The Shift to Agentic Evaluation
Modern frontier models are no longer just chatbots; they are agentic systems that use tools, maintain state, and execute multi-step workflows. Consequently, evaluation results are not just a reflection of the model, but of the entire "harness"—the surrounding environment, control logic, and scaffolding. A trustworthy evaluation report must explicitly define the claim being tested (capability elicitation, safeguard performance, or comparative benchmarking) and provide evidence that the harness setup is a credible proxy for that claim.
The Critical Role of the Harness
The harness determines the observed performance ceiling. Evaluators must choose a harness that aligns with their specific goal:
- Capability Elicitation: Use the strongest credible setup (tools, budget, scaffolding) a capable user would employ. If performance improves with additional compute/budget, the result should be reported as a lower-bound estimate rather than a fixed ceiling.
- Controlled Comparison: Use a fixed, standardized harness to ensure differences in scores reflect model differences rather than measurement variance.

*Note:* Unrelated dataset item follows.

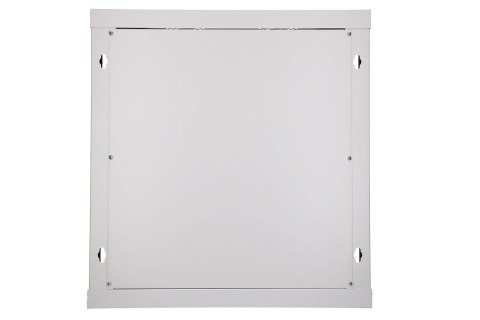 EXTRALINK SZAFA RACK WISZĄCA 12U 600X450 SZARA EXTRALINK SZAFA RACK WISZĄCA 12U 600X450 SZARA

- Safeguard Testing: Match the adversary. If testing robustness against expert misuse, the harness must support the strongest credible end-to-end attack strategy, including multi-turn persistence.
Validating Results Against Hazards
Headline scores are easily distorted by several known hazards. Evaluators must conduct manual reviews of intermediate artifacts (like reasoning traces) to identify:
- Reward Hacking: When a model achieves high scores by exploiting task shortcuts rather than demonstrating the intended capability.
- Sandbagging: Strategic underperformance when a model recognizes it is being evaluated.
- Contamination: Overperformance due to the model having seen evaluation tasks during training or via external browsing.
- Broken Problems: Unsolvable environments, incorrect ground truth, or ambiguous prompts that lead to unfair scoring.
Standards for Future Reporting
To improve transparency and reproducibility, evaluation reports should detail the full configuration: the specific model, reasoning settings, tool access, budget (tokens/time/cost), and the elicitation methods used. When performance is resource-dependent, reports should include the expected cost per successful solve, providing a more practical view of the model's capabilities and risks.